Мы жадно обшаривали друг друга глазами, подмечая малейшие черточки, малейшие морщинки. Как здорово, как неузнаваемо он изменился с той последней нашей встречи на ступеньках Финляндского вокзала в сентябре 41-го! Красивый, крепкий, уверенный в себе. Мы пристально всматривались в глаза друг друга, пока из-под новых наслоений не стало проступать наше прежнее, неистребимо сидящее в нас «я». И только тогда пришло узнавание.
– Где ты? Чем занимаешься?
– Служу.
– Где?
– На Дальнем Востоке.
– Занесла же тебя нелегкая.
– А что делать? С сорок третьего в десантных войсках.
– Чем занимаешься?
– Врач-экспериментатор по парашютным прыжкам. Всеволод вскочил со стула:
– Так это же то, что нам нужно! Это же авиационная медицина. Она очень близка к спортивной. Слушай, ты нам вот как нужен. Понимаешь, в команде ВВС нет сейчас врача. Ты – это то, что надо. Врач. Да еще сам в футбол и хоккей играл. Занимался авиационной медициной, а значит, имел касательство к спортивной медицине. Нет, я тебя живым не выпущу.
Я рассмеялся:
– Чудак-человек, я же служу.
– Понимаю.
Сева на минуту задумался:
– Подумаем, Алик. Я пожал плечами.
Это был зенит его славы. Он был кумиром и гордостью нашего спорта. Он мог многое. Он мог все…
Через несколько дней я вылетел с футболистами ВВС на первый в своей жизни спортивный сбор.
Так начался для меня путь в спортивную медицину, путь в ЦСКА…
…Возможно, рассказ об этой встрече представлял бы интерес лишь для самого автора, если бы в неожиданном предложении Боброва не отразились бы нотки нового времени, нового этапа в развитии советского спорта.
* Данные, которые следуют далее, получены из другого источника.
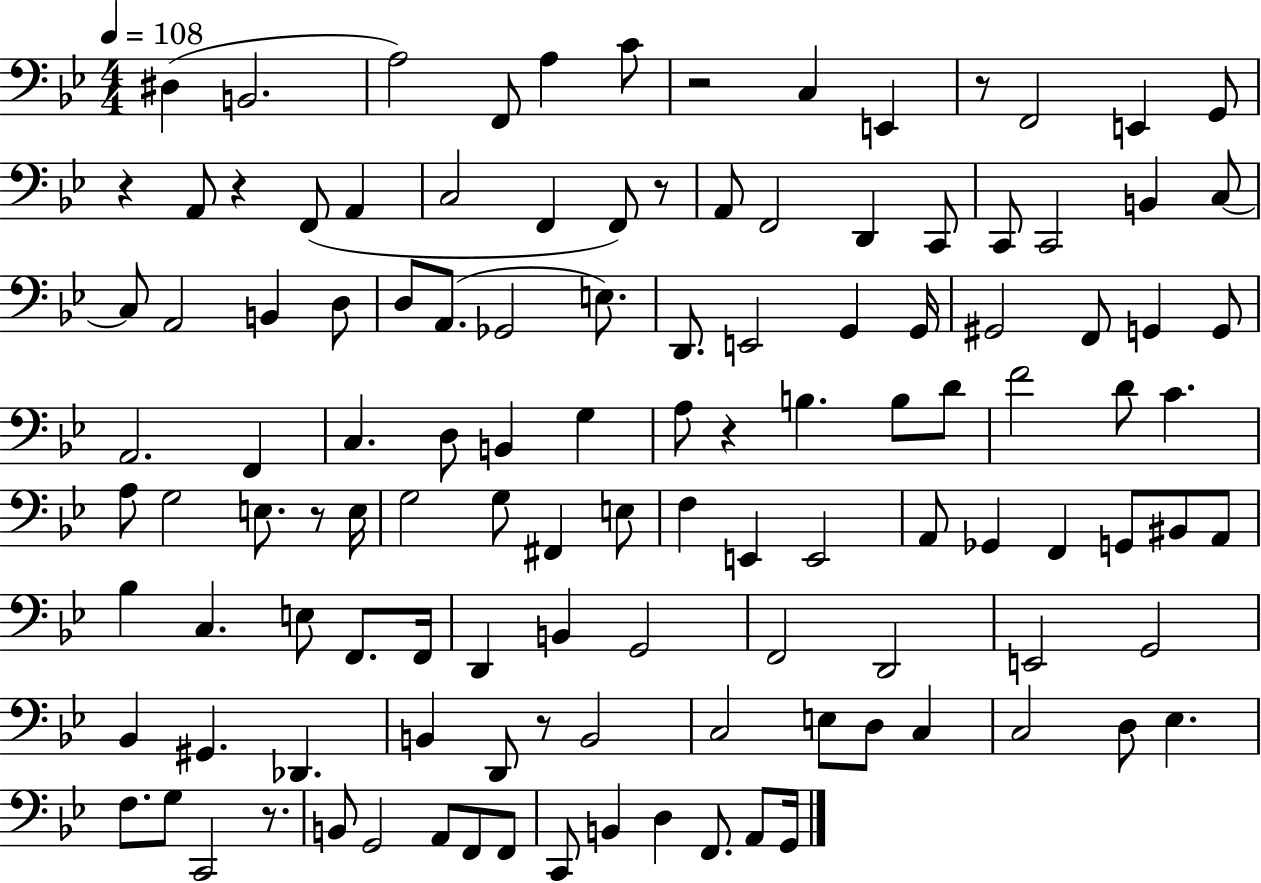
X:1
T:Untitled
M:4/4
L:1/4
K:Bb
^D, B,,2 A,2 F,,/2 A, C/2 z2 C, E,, z/2 F,,2 E,, G,,/2 z A,,/2 z F,,/2 A,, C,2 F,, F,,/2 z/2 A,,/2 F,,2 D,, C,,/2 C,,/2 C,,2 B,, C,/2 C,/2 A,,2 B,, D,/2 D,/2 A,,/2 _G,,2 E,/2 D,,/2 E,,2 G,, G,,/4 ^G,,2 F,,/2 G,, G,,/2 A,,2 F,, C, D,/2 B,, G, A,/2 z B, B,/2 D/2 F2 D/2 C A,/2 G,2 E,/2 z/2 E,/4 G,2 G,/2 ^F,, E,/2 F, E,, E,,2 A,,/2 _G,, F,, G,,/2 ^B,,/2 A,,/2 _B, C, E,/2 F,,/2 F,,/4 D,, B,, G,,2 F,,2 D,,2 E,,2 G,,2 _B,, ^G,, _D,, B,, D,,/2 z/2 B,,2 C,2 E,/2 D,/2 C, C,2 D,/2 _E, F,/2 G,/2 C,,2 z/2 B,,/2 G,,2 A,,/2 F,,/2 F,,/2 C,,/2 B,, D, F,,/2 A,,/2 G,,/4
В тот день в квартире Боброва ни он, ни я еще не отдавали себе полного отчета в том, что увеличение команды ВВС на одну единицу должно было стать преддверием новой эпохи и в развитии спорта, и в развитии медицины. Я уже упоминал о том, что спортивной медицине лишь предстояло заявить о себе в полный голос. Но в начале пятидесятых годов «постановка голоса» уже началась успешными исследованиями академика Н. Н. Приорова и группы его ближайших сотрудников.
И если Бобров столь успешно сыграл в Хельсинки в матче с югославами, то как раз потому, что ему пришлось на самом себе познать первые успехи спортивной медицины. Это будет спустя всего два года после моего прихода в команду ВВС в качестве спортивного врача. А пока…
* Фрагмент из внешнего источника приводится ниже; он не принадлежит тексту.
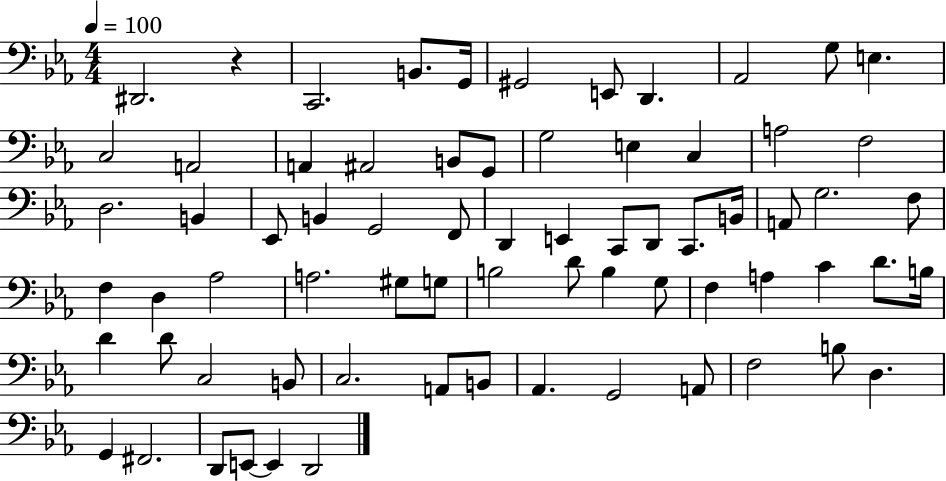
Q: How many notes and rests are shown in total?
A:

Прекрасно помню первое впечатление, связанное с приходом в команду. Самое первое.
Ощущение соприкосновения. Нет, не сопричастности, а именно соприкосновения с тем, что в те годы воспринималось как нечто недоступное, овеянное сплошными успехами и славой. Потому что каждый из тех, кто здоровался с новым доктором, был на виду у всех. В наши годы не только болельщики – буквально все знали героев кожаного мяча.
До войны и после войны стадион «Динамо» выдерживал осаду многотысячных зрителей. Автобусы и машины выстраивались вдоль аллей Петровского парка на километры. А после матча до позднего вечера не умолкали у метро страстные споры, и имена игроков произносились разве что не нараспев. От уважения. От наслаждения. От удовольствия.
Под эмблемой ВВС было собрано лучшее из того, что составляло гордость советского спорта. Что стоили, допустим, такие имена, как имя вратаря ВВС Анатолия Акимова, центрального защитника Константина Крижевского, полузащитника Николая Морозова, экспансивного одессита Виктора Метельского, Виктора Федорова и Анатолия Викторова, Сергея Коршунова и Евгения Бабича, Виктора Шувалова и Григория Мкртычяна. Это было созвездие нашего послевоенного футбола и хоккея. Цвет нашего спорта. И в этом созвездии звездой первой величины сияла слава Всеволода Боброва.